The network often perceives softphones as just another application, which challenges a network manager's ability to determine whether users are making a call or getting their email.
"It's just an application on your laptop that's producing a lot of data, whereas a VoIP phone on your desk may also be going over the application layer -- doing the same thing as your desktop. Or it may be using a specifically different network," explained Elliot. "Sometimes IP phones will, in fact, use the same protocols as the softphones and compete in the same bandwidth."
Softphone bandwidth considerations on the road
Given that employees often use softphones while traveling, network managers should assist them in finding optimal bandwidth for making calls.
With a softphone, traveling employees can make calls on their business line via Wi-Fi connection at a hotel or a coffee shop. Not all Wi-Fi connections are going to support a call.
"At Starbucks, if there's sufficient bandwidth, you'll be fine. But you may be competing with several other people for the bandwidth," Elliot noted.
Leading business hotels tend to provide good bandwidth, but employees should be aware that a budget hotel not geared toward business travelers might not have sufficient bandwidth for high-quality calls.
Tracking softphone traffic and the user experience
How are network managers tracking softphone traffic and the user experience?
"In most cases, enterprises will look at traffic and also review users' comments on their experience to try to identify the source of problems," said Elliot. "If they discover a consistent problem they'll try to address it.

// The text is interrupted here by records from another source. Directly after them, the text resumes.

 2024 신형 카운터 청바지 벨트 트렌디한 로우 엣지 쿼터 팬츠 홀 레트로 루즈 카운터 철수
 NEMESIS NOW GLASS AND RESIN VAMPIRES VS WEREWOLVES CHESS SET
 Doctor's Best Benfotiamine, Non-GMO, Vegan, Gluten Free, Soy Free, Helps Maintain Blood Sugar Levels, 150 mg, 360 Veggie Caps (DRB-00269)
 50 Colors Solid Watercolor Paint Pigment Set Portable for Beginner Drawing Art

If the problem is bandwidth, they'll try to add bandwidth."
While softphones consume far less bandwidth than other applications such as desktop video conferencing, softphone traffic has the potential to flood a network. "If you have everyone making a softphone call all of a sudden for some reason, which probabilistic models will tell you will happen at some point, it could constrain the enterprise," said Elliot.
Broader adoption of virtual desktop infrastructure will make softphone call quality and bandwidth consumption even more complex, according to Irwin Lazar, vice president and service director at Nemertes Research Group Inc.
"You need to have a way to process the voice locally to avoid a tremendous delay sending that voice traffic back into a data center," Lazar said. "Running softphones on virtual computers is a big challenge companies are just starting to face."